If early reports are correct, COVID-19 vaccines will begin rolling out as this issue goes to print. As we look forward to life getting back to normal, it’s made me reflect on other, less dangerous but still very annoying, conditions for which I wish there were vaccines: Corona & Salsa Virus: Strikes the morning of Seis de Mayo after an evening downing far too many greasy tacos and cheap Mexican beers. COVID-20: The irrational compulsion to loudly, and sans mask, inform others of the many common health threats “so much worse” than COVID-19. Often quickly followed by a fever, dry cough, and ICU visit. Skinffluenza: Sufferers are totally preoccupied with the state of their skin, such that even the slightest blemish causes them to fake sick so as not to be seen in public. Me-sles: The tendency to share minor health struggles in excruciating detail on social media. Symptoms include posting rash pics, “why me?” hashtags, and a sudden loss of Instagram followers. Chin-gles: Strikes older men with failing eyesight, short attention spans, and diminished concern for their physical appearance. Sufferers sport thorny patches of facial hair missed during cursory morning shaves that are as obvious as they are disturbing to family members and friends.
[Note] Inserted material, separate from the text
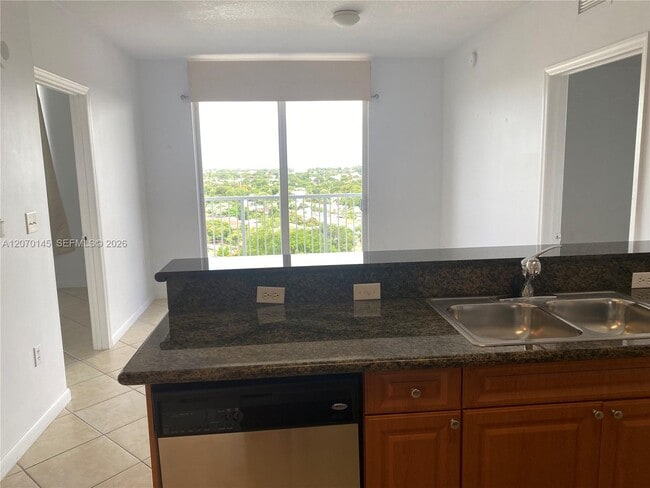 Photo - 1 Glen Royal Pkwy Unidad 1113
Hipatitis: Generally affects recently divorced men who, rather than confront their loneliness, deny it by frantically pursuing the latest fads. Sufferers often wear shockingly expensive sneakers or super trendy hats and T-shirts designed for men half their age. Holdpees Simplex #1: Infects primarily the married male




driver who demonstrates a strong aversion to stopping at rest stops often with the goal of “beating rush hour around Raleigh.” Lemon & Lime Dis-ease: When out to eat, those afflicted feel compelled to tell fellow diners about the NPR story they heard about how restaurant citrus wedges are “crawling with all kinds of nasty bacteria.” Side effects include loss of appetite by all at the table. Mallarea: A condition that results in disorientation as soon as one enters a shopping mall, resulting in desperate meandering, exhausting circumlocutions of food courts, and existential dread. Schlepsis: Sufferers feel driven to carry a carload of groceries to the kitchen in one ill-advised, overburdened trip, often resulting in squished bread and broken eggs. Affects adolescents and men of all ages. Tubular-cosis: The compulsion to talk like a surfer dude despite being a suburban dad. Thaifuss: An odd condition where the afflicted interrogates servers at Asian restaurants to ensure their menu selections will not be to any degree spicy, leaving fellow diners mystified as to why this person wanted to dine in such a restaurant in the first place. Yeezy Infection: An overwhelming and all-encompassing love of Kanye West completely out of proportion to his talent or potential as a presidential candidate. West Vile virus: An overwhelming and all-encompassing hatred of Kanye West completely out of proportion to his importance in world affairs. TzatZika Virus: (from the Greek) an overwhelming compulsion to drown all foods in creamy, calorie-rich sauces.